O tal vestido de águas-vivas.
É isso!  Queria ter feito uma resenha melhor, acho que o texto ficou aquém da média, por assim dizer.  O filme é bom e funciona bem quase o tempo todo.  De qualquer forma, considero Mulher Maravilha um filme superior, lidou melhor com as origens da heroína, construiu melhor a mitologia das amazonas.  Agora, o vilão - no caso Orm - tinha motivações mais fortes do que a média dos vilões de filmes de heróis.  Se fosse um ator melhor, se tivesse mais tempo em tela (*Manta Negra pra quê?*), ele poderia produzir aquela simpatia que alguns vilões de anime/mangá recebem.  Afinal, somos uma espécie daninha, estamos destruindo o planeta e o vilanesco rei de Atlântida não estava dizendo nenhuma mentira a nosso respeito.  Nós somos uma ameaça.


3 pessoas comentaram:

Vi o filme na segunda e achei muito divertido. Não achei que estava muito escuro/sombrio, a não ser na parte do foço, mas acho que essa era a ideia dessa parte. De resto, achei com bastante cor.
Sobre os personagens, o Arthur/Aquaman me pareceu um cara grandão de quem eu iria gostar de ser amiga, irmã, prima, sei lá. Um cara bem legal. A Mera foi minha personagem preferida, principalmente por sempre ter coragem de fazer o que achava certo, mesmo com medo de não poder voltar. A Amber Heard falou em entrevista que usou peruca. Num primeiro momento achei que ela devia ter pintado o cabelo. Aí lembrei de uma amiga que pintou o cabelo de vermelho e disse que se sentia a Carrie (Carrie, a estranha) na cena do baile toda vez que lavava o cabelo. Imagino que isso, e o fato do cabelo se mexendo debaixo d'água serem de computação gráfica tenham ajudado na sensação de cabelo falso. Provavelmente devem ter feito o mesmo com o cabelo da Nicole Kidman.

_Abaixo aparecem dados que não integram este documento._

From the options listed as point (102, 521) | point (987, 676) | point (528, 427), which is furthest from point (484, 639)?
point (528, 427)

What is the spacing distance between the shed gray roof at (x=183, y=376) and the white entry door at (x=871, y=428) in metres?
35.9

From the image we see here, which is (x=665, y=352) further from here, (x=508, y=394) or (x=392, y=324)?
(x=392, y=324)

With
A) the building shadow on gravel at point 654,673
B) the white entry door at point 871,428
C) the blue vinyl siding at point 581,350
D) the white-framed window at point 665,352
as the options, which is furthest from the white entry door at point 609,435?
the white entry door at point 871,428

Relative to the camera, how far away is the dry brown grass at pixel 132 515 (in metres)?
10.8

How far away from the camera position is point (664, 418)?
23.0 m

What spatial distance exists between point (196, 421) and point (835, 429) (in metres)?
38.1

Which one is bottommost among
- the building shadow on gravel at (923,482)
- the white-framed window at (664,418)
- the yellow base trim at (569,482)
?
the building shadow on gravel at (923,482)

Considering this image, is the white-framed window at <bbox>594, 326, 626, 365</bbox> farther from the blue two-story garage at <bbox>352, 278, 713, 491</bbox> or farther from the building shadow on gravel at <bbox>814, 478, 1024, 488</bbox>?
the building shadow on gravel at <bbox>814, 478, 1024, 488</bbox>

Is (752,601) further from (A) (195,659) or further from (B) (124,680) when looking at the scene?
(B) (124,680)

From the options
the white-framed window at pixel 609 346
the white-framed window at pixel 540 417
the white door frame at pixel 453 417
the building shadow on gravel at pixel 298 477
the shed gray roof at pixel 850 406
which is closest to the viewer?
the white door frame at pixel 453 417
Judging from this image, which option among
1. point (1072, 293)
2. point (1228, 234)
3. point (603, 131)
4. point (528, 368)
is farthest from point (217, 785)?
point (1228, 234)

Exsencialmente essa imagem do Aquaman vem dos anos 90. Foi muito importante para a manutenção do personagem, que era considerado pelo público como uma piada. Acho que se Snyder tivesse permanecido, teríamos tido a clássica cena da perda da mão e sua substituição por um arpão.

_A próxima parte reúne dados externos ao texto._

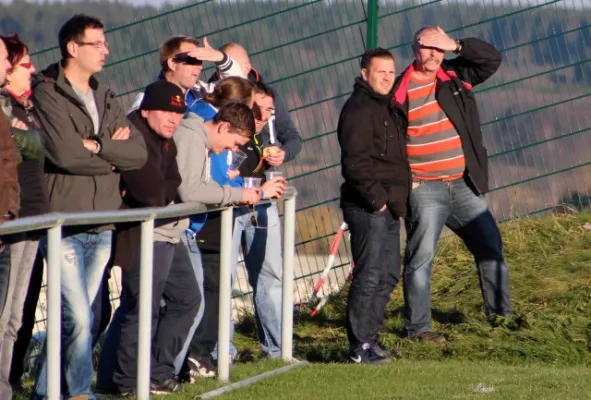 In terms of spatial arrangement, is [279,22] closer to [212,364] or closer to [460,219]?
[460,219]

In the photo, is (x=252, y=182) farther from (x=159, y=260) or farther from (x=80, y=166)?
(x=80, y=166)

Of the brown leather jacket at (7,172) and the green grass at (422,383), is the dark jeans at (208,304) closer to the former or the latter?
the green grass at (422,383)

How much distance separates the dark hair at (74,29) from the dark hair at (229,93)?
1.09 m

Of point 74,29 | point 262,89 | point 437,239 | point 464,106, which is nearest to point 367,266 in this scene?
point 437,239

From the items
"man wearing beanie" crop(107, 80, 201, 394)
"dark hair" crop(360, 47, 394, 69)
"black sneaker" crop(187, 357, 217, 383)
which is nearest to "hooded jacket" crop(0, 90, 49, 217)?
"man wearing beanie" crop(107, 80, 201, 394)

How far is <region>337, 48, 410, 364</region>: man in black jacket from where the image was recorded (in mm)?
8977

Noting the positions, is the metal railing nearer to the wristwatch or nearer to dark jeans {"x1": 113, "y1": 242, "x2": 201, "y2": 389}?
dark jeans {"x1": 113, "y1": 242, "x2": 201, "y2": 389}

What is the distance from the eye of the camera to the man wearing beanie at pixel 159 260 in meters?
7.20

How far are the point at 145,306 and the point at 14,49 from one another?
1.37 m

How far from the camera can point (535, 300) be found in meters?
10.7

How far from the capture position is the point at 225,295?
771 cm

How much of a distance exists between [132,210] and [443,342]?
354 cm

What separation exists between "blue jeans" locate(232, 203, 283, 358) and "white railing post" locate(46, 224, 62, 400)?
9.32 ft

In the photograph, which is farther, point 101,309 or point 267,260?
point 267,260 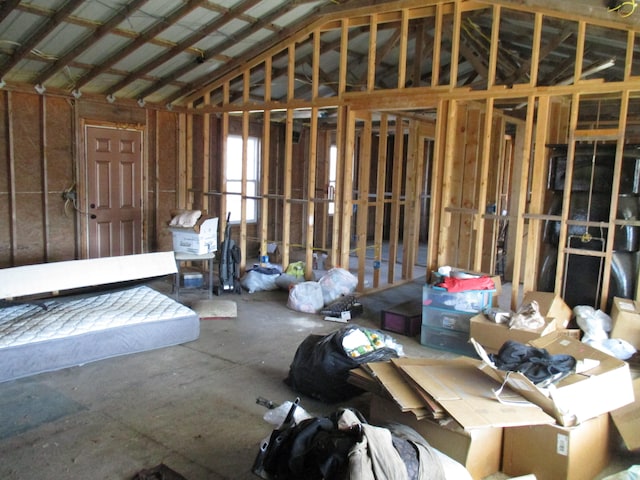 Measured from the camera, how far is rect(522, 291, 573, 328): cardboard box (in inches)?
188

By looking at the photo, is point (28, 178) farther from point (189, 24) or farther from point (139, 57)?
point (189, 24)

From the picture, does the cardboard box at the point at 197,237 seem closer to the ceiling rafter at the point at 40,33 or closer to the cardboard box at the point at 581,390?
the ceiling rafter at the point at 40,33

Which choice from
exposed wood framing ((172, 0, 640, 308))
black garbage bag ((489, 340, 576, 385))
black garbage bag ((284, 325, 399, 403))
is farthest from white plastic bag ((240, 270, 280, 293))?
black garbage bag ((489, 340, 576, 385))

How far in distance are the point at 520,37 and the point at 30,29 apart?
5895mm

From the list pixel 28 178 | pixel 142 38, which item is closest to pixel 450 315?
pixel 142 38

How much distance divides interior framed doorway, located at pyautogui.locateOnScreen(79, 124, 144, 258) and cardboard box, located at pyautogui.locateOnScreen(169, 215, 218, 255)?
4.27ft

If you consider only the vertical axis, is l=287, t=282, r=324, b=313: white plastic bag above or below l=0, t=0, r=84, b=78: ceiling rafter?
below

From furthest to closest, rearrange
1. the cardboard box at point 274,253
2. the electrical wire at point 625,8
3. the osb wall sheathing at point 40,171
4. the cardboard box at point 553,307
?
the cardboard box at point 274,253 < the osb wall sheathing at point 40,171 < the cardboard box at point 553,307 < the electrical wire at point 625,8

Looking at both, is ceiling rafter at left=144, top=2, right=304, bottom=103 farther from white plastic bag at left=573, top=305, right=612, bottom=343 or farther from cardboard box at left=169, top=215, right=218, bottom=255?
white plastic bag at left=573, top=305, right=612, bottom=343

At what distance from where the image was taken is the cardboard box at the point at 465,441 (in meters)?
2.76

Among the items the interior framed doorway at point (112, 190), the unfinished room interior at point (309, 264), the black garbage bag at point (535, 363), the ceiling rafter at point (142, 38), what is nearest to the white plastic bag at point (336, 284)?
the unfinished room interior at point (309, 264)

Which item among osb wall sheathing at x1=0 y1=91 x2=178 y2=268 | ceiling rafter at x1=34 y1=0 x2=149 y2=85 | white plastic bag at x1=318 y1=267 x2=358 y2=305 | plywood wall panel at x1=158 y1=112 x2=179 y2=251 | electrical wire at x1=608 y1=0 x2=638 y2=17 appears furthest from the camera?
plywood wall panel at x1=158 y1=112 x2=179 y2=251

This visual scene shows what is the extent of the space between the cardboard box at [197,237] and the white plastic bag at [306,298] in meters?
1.27

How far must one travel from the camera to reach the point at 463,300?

https://vignette.wikia.nocookie.net/marvel_dc/images/4/47/Aquaman_Vol_5_3.jpg/revision/latest?cb=20150419004605

Depois retrocederam isso nos quadrinhos e voltaram dentro do possível ao original. Parece que agora a ordem é conciliar as duas visões e arrancar um Aquaman definitivo do meio disso tudo.

Esse eu passei. Sei que parece divertido, mas não me empolguei em ver. Diante de tantos filmes que a criançada queria ver nas férias, esse ficou de escanteio.